The body is never considered “in the round”; she forces us to consider that the images reflected on our retinas are two-dimensional no matter how spherical our eyes appear to be.

IV.

One reason why this work and many of her other photos resonate so deeply is that their claustrophobic atmospheres, their blurred or obscured faces, recall certain strains of dreams and nightmares that evaporate just as their reality is about to be proven dubious. In my own, there is always something imminent occurring, a tornado absent-mindedly picking up a little girl, a deranged man holding a knife holding my reflection, and always my body is unmoving, but attempting to scream, as if noise alone could stop whatever is occurring and pierce the veil of Maya. I’m never able to speak anything more than clipped words, which sound like panting to my significant other whenever I wake her and myself up. In my head the words have endings, but on my tongue they’re reduced to unorganized air.

…her other photos resonate so deeply is that their claustrophobic atmospheres, their blurred or obscured faces, recall certain strains of dreams and nightmares that evaporate just as their reality is about to be proven dubious.

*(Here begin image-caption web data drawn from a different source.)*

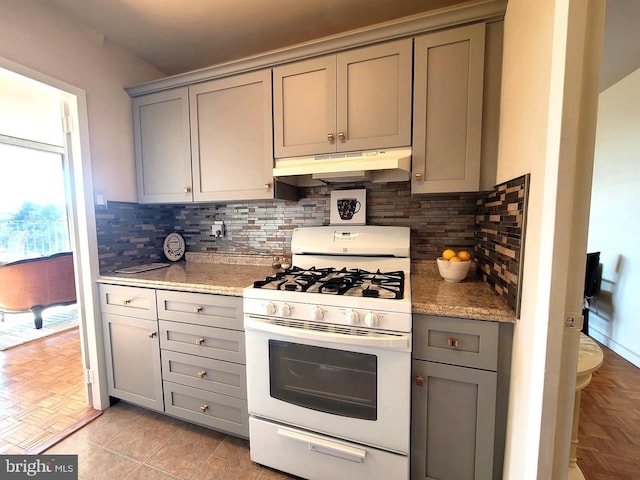 kitchen featuring gray cabinetry, white range with gas cooktop, decorative backsplash, and under cabinet range hood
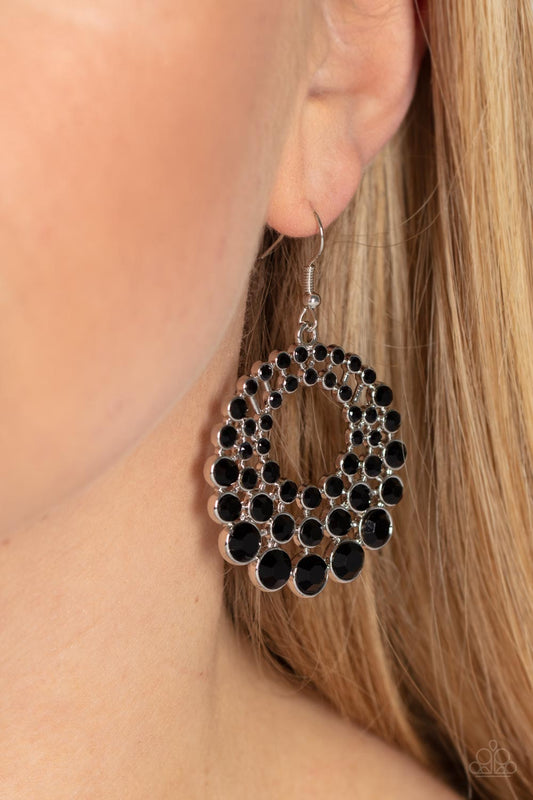 So Self-GLOW-rious Black Earring - Paparazzi Accessories  Gradually increasing in size and intensity, row after row of glassy jet black rhinestones stack into a layered hoop for a blinding effervescence. Earring attaches to a standard fishhook fitting.  Sold as one pair of earrings.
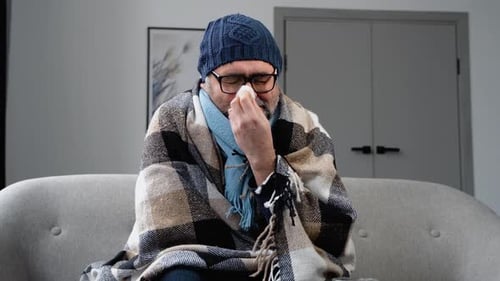 Man Sick with Cold wrapped in Blanket Indoors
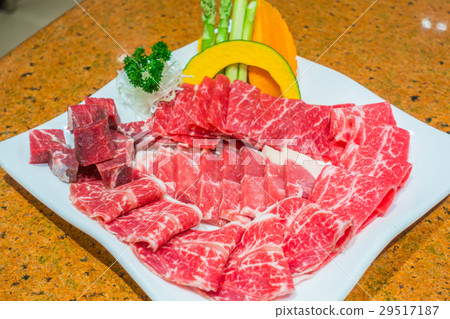 Uncooked raw fresh beef . Uncooked raw fresh beef . 29517187
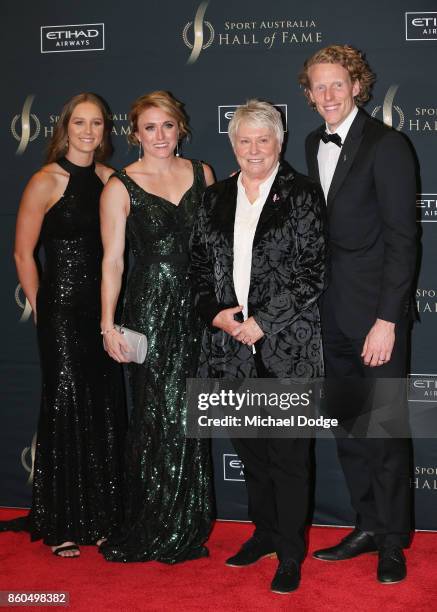 Raelene Boyle is flanked by rising Andre Russell of the Thunder track and field athlete Riley Day World and Olympics Champion hurdler Sally Pearson...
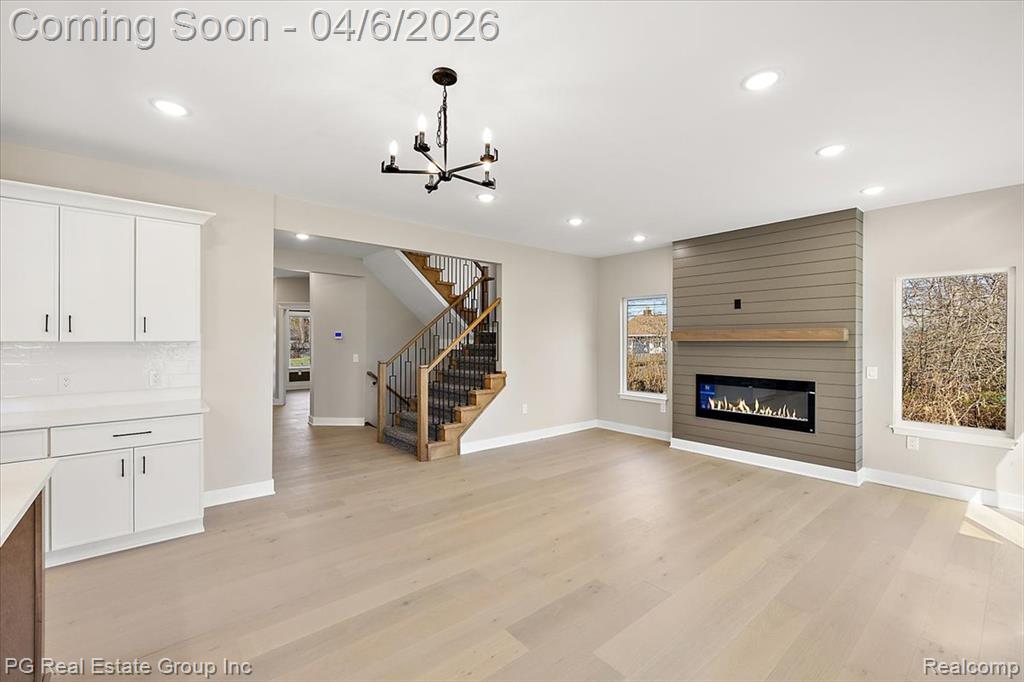 Unfurnished living room with a large fireplace, light wood finished floors, and suspended lighting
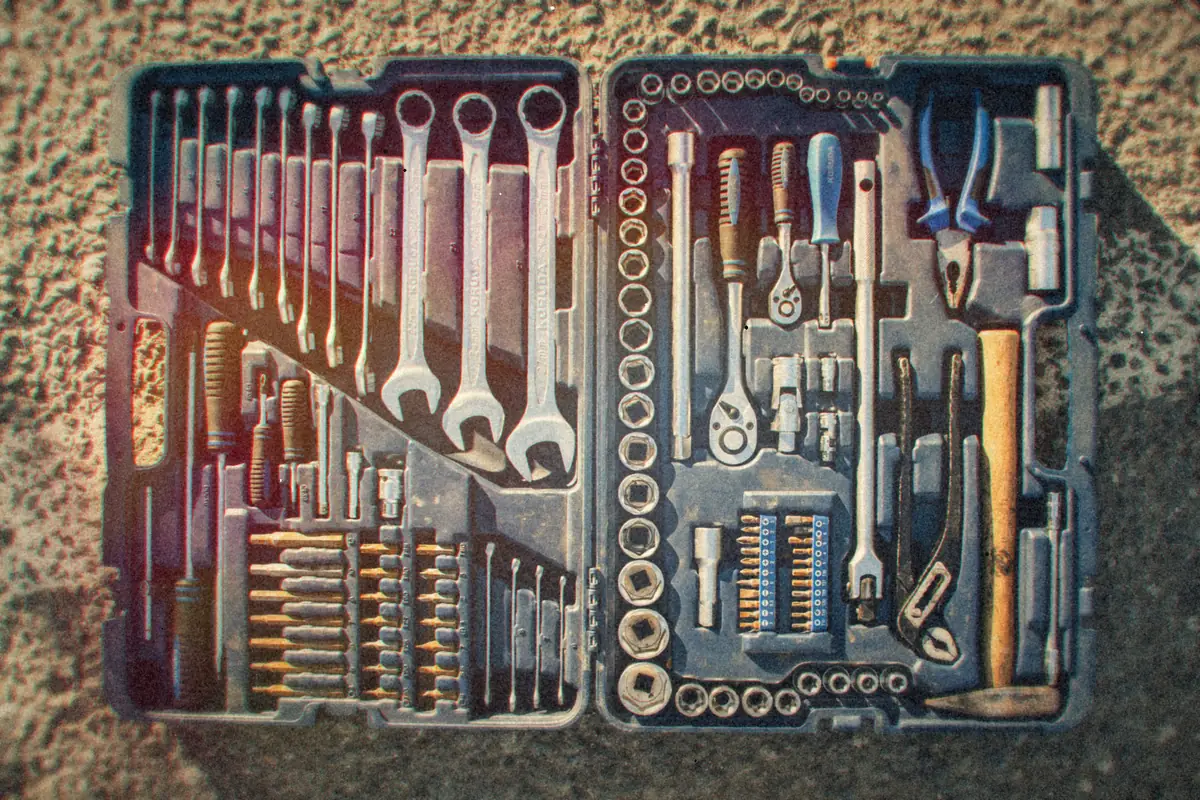 An open toolbox with rows of wrenches, sockets and screwdrivers, seen from above.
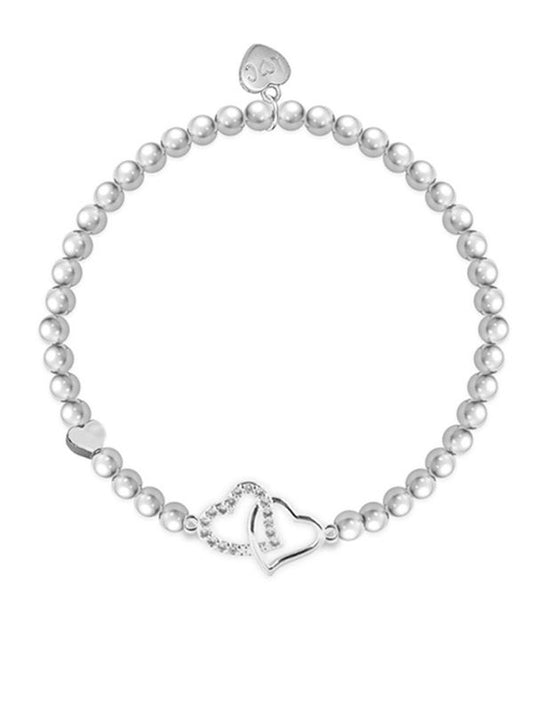 Pearl bracelet with silver heart charms on a white background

The analysis of these dreams is easy enough. They’re linked to my own feelings of poetic self-criticism and my inability to speak without first bending each word to my will, exerting a Woodman-like control over my environment. It’s impossible for me to stop wanting to individualize each thought enough so that it’s sincere, to process my feelings to such a degree that they wind up feeling genuine, so that I can place them back into the body where they started. Woodman and Rimbaud’s mission is similarly visceral and embodied. In Rimbaud’s “Genie” for example, he invents a new god to clear out the terror of the morality of the past and the suffering of Christian guilt; this outdated morality is replaced with “the clear song of new misfortunes!” Later he intones that we should “follow his seeing, his breathing, his body, his day.” Because Christ’s sufferings were so tied to his corporality, he can only be replaced by a figure who incarnates the new misfortunes of modernity. The only consolation we’re left with is clarity, and if this clarity of feeling is indeed the new god, then Woodman, through obfuscation and reflection and the fog of long-exposure, is as clear as it gets.